I had the classic intense and restricted interests, but they were not the stereotypical ones that are based on the male profile. For example, I was obsessed with food all the way through childhood (not over eating, but memorising the contents of lunchboxes and supermarket displays, playing with food, talking about food, etc.), then the human body, followed by the Titanic film, which led to a major interest in the actress Kate Winslet - this last one lasted 8 years, and a splinter interest in babies developed after Winslet had a child. I read parenting magazines through my teens, and listened to nursery rhymes obsessively. But I kept the interests secret at school - my presentation was quite passive.  All I could think about was Kate Winslet!

Yes, I can also make eye contact, but I don't get any information from the eyes. Eye contact is also distracting, and only make eye contact because it had been drummed into me that this is what you need to do to fit in.

May 27, 2014 - 8:16am

Passivity is often misconstrued by people leading to girls and women not being diagnosed. the role of masking or consciously avoiding sharing your interests within the school environment is often a protective factor  for many. Thankyou for sharing some of your expereinces.  l think it demonstrates the difficulty agencies have when considering a possible diagnosis as in the role of observer many professionals dont recognise or question the passive individual or find an  alternative explanation.
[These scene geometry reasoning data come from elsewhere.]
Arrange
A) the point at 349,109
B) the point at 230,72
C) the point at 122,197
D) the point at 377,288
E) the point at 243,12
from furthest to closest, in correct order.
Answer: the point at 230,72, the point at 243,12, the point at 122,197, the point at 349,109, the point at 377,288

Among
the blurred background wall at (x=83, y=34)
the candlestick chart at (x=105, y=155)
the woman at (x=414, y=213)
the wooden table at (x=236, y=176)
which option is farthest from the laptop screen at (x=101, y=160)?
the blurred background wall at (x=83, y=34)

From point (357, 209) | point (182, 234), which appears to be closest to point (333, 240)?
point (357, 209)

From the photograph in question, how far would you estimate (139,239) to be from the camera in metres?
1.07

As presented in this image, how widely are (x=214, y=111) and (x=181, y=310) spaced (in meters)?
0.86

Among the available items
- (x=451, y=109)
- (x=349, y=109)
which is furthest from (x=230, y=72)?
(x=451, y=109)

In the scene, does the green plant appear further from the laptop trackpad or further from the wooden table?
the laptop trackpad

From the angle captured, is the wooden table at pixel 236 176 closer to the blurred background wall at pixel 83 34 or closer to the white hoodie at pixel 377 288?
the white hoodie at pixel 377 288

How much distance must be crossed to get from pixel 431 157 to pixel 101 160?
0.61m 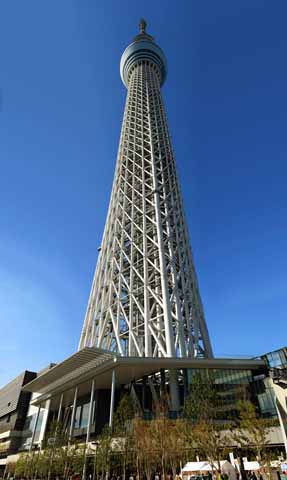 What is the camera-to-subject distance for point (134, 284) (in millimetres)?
48500

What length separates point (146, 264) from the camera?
47.6 meters

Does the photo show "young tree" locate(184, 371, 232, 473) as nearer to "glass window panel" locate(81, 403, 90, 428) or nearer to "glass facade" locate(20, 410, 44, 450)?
"glass window panel" locate(81, 403, 90, 428)

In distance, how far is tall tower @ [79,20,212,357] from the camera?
1650 inches

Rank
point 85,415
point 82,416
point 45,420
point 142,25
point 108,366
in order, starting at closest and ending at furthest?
point 108,366 → point 85,415 → point 82,416 → point 45,420 → point 142,25

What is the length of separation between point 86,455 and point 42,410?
81.7 ft

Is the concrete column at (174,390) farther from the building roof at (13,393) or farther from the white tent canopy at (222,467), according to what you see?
the building roof at (13,393)

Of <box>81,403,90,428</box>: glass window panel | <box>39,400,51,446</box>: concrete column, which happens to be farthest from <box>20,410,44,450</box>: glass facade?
<box>81,403,90,428</box>: glass window panel

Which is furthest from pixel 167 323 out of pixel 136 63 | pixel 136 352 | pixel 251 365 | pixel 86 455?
pixel 136 63

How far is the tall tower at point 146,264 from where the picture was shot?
41906mm

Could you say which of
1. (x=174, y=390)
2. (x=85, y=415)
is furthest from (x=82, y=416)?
(x=174, y=390)

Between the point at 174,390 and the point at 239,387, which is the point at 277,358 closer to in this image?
the point at 239,387

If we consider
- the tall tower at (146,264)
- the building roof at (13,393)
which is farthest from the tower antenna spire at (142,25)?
the building roof at (13,393)

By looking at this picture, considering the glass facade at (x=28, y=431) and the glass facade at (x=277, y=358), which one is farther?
the glass facade at (x=28, y=431)

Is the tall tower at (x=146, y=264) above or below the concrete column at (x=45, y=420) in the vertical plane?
above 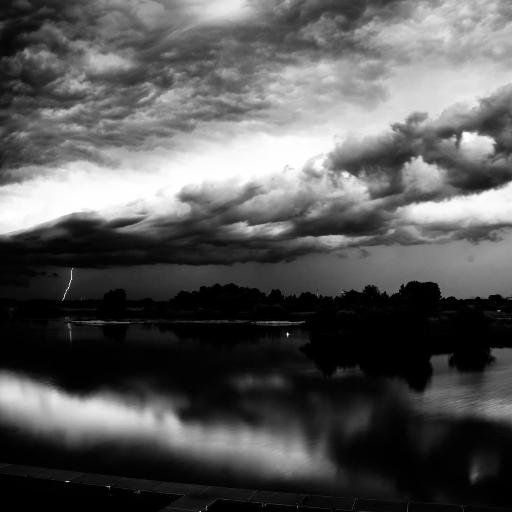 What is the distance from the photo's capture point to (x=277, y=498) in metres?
15.0

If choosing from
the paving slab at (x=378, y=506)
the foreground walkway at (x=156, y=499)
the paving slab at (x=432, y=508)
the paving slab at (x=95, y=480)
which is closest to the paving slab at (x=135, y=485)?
the foreground walkway at (x=156, y=499)

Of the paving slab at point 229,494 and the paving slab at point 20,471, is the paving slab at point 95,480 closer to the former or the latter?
the paving slab at point 20,471

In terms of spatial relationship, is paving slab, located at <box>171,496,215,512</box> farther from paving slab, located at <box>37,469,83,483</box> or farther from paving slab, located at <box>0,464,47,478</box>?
paving slab, located at <box>0,464,47,478</box>

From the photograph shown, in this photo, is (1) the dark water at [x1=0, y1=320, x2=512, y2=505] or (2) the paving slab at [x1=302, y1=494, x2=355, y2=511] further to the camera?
(1) the dark water at [x1=0, y1=320, x2=512, y2=505]

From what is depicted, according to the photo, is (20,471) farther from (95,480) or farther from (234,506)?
(234,506)

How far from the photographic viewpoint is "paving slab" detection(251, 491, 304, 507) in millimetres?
14695

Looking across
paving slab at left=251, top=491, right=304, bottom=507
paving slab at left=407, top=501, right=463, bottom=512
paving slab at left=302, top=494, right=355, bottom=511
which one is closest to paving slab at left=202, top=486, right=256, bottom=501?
paving slab at left=251, top=491, right=304, bottom=507

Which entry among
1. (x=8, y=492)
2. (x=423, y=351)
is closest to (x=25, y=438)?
(x=8, y=492)

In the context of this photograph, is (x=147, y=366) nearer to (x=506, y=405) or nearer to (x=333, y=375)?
(x=333, y=375)

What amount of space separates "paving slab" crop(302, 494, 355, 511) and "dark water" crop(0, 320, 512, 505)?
4285 millimetres

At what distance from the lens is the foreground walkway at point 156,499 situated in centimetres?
1430

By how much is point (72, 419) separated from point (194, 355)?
37971mm

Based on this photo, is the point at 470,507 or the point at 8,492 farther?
the point at 8,492

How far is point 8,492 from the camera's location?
15727 mm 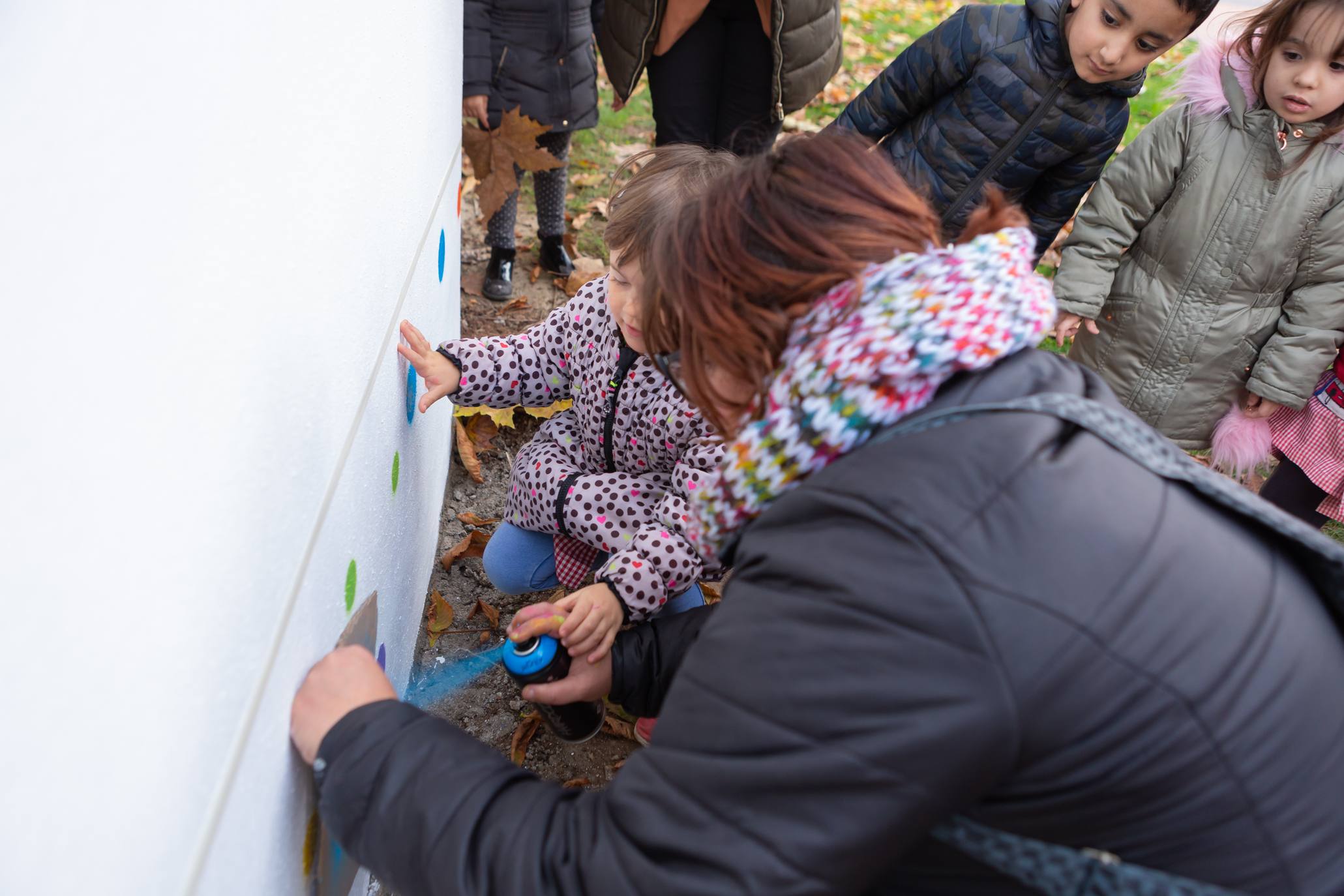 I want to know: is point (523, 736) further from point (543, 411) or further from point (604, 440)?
point (543, 411)

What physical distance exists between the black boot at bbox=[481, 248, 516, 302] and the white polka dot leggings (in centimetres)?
3

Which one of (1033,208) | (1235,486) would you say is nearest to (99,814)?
(1235,486)

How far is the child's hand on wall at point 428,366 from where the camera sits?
173 cm

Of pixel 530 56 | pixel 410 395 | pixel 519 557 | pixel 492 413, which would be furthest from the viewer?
pixel 530 56

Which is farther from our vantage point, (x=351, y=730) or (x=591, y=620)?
(x=591, y=620)

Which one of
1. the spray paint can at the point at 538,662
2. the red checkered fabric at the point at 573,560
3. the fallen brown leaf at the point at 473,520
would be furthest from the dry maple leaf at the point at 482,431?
the spray paint can at the point at 538,662

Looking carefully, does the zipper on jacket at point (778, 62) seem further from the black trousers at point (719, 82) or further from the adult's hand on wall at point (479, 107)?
the adult's hand on wall at point (479, 107)

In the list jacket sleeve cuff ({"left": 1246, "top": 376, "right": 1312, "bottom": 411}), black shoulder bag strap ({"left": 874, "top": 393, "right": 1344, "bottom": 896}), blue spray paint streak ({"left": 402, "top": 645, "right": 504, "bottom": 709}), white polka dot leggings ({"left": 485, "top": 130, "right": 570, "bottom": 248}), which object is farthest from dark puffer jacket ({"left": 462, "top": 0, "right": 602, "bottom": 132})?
black shoulder bag strap ({"left": 874, "top": 393, "right": 1344, "bottom": 896})

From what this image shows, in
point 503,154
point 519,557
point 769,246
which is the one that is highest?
point 769,246

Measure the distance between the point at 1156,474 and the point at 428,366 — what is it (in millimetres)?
1236

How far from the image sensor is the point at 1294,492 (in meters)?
2.76

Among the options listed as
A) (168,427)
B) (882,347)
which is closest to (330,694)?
(168,427)

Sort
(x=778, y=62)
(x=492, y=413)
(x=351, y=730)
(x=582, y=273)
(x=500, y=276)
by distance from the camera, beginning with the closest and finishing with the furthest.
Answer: (x=351, y=730), (x=492, y=413), (x=778, y=62), (x=500, y=276), (x=582, y=273)

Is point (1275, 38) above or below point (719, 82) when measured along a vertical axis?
above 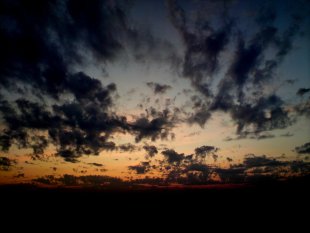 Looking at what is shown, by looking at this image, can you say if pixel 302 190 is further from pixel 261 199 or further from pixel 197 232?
pixel 197 232

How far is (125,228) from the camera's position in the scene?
106 m

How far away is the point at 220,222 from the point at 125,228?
4824cm

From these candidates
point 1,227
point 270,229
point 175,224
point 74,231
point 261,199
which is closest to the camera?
point 270,229

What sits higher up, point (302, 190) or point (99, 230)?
point (302, 190)

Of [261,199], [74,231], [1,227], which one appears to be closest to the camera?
[74,231]

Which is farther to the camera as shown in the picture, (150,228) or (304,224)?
(150,228)

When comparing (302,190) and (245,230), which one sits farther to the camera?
(302,190)

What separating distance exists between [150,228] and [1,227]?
73.6 meters

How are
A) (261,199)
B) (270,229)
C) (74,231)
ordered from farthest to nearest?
(261,199) → (74,231) → (270,229)

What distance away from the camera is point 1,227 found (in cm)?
10781

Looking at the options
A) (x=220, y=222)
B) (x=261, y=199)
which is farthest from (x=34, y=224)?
(x=261, y=199)

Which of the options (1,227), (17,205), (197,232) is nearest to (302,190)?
(197,232)

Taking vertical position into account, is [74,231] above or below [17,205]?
below

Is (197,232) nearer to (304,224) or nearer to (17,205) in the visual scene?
(304,224) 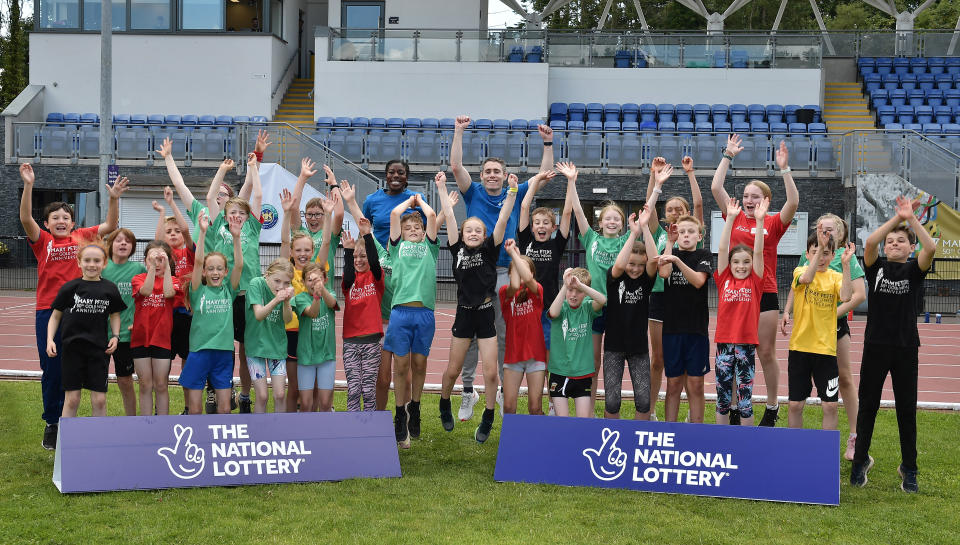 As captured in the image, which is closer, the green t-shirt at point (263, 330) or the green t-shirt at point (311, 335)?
the green t-shirt at point (263, 330)

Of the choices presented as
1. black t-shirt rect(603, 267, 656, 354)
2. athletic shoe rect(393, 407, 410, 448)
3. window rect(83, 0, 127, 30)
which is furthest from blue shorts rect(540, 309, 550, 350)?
window rect(83, 0, 127, 30)

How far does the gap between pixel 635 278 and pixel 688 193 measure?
17953 millimetres

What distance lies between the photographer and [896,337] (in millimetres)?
7266

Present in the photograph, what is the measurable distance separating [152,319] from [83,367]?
679mm

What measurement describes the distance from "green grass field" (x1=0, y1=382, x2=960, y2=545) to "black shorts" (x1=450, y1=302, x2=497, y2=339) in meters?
1.19

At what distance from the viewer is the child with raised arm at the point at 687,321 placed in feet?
26.3

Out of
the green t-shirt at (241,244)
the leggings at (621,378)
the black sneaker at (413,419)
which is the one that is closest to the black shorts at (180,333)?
the green t-shirt at (241,244)

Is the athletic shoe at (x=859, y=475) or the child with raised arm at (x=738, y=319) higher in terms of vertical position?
the child with raised arm at (x=738, y=319)

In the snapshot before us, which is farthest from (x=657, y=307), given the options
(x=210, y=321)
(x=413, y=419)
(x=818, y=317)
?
(x=210, y=321)

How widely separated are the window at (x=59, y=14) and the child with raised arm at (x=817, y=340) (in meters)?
27.9

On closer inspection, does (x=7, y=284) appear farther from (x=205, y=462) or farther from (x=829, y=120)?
(x=829, y=120)

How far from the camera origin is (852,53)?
34188 mm

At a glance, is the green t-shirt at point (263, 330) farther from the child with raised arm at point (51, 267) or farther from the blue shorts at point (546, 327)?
the blue shorts at point (546, 327)

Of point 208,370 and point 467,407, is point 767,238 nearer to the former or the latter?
point 467,407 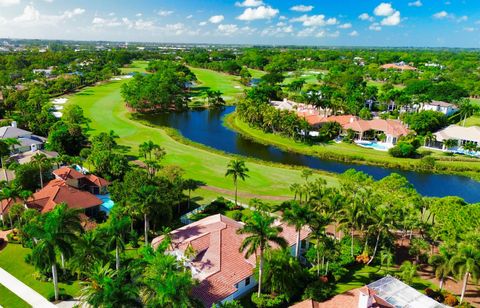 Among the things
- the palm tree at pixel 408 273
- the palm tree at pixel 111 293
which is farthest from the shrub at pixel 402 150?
the palm tree at pixel 111 293

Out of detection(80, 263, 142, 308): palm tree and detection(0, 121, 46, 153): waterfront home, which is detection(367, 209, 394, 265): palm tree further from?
detection(0, 121, 46, 153): waterfront home

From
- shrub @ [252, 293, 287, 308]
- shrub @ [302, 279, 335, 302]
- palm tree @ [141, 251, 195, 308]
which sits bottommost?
shrub @ [252, 293, 287, 308]

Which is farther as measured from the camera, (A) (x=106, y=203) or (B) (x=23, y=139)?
(B) (x=23, y=139)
Frequently parents will describe their daughter's presentation to me that indicates strongly that their daughter has AS, yet education dispute the findings because as we know girls are able to find a way to be alongside others and therefore nothing particular is noticed. Yet spending time can pick up the subleties and support can be offered.

Whatever you have chosen to do in life l hope it is possible to share your interests at times and not feel you have to pretend.

May 27, 2014 - 8:55am

As a passive natured autistic man who went 'undetected' (in terms of autism anyway) until his mid-30's - I find much of what is written on this subject to be highly generalised and stereotypical - including that by Tony Attwood and some of what Judy Gould has written.  Gendered identities are more cultural than biological and yet there has been zero decent research into this area from what I have seen.  Much of what is being said is clinical opinion and nothing else.  If we listen to only professionals about differences, those men who present similarly are possibly going to be even less likely to be 'detected' than before.

May 28, 2014 - 6:16pm

Some good points there Damian, and I think along those lines myself. It is true that not all men display the sterotypical male profile, but I think that cultural expectations can shape people's perceptions to a significant extent. Women with AS have historically been the worst affected in terms of missed diagnosis due to a different profile (due to social conditioning, etc.), but we really need to understand the varied nature of AS regardless of gender. Not all people with AS are trainspotters and computer obsessives, regardless of gender.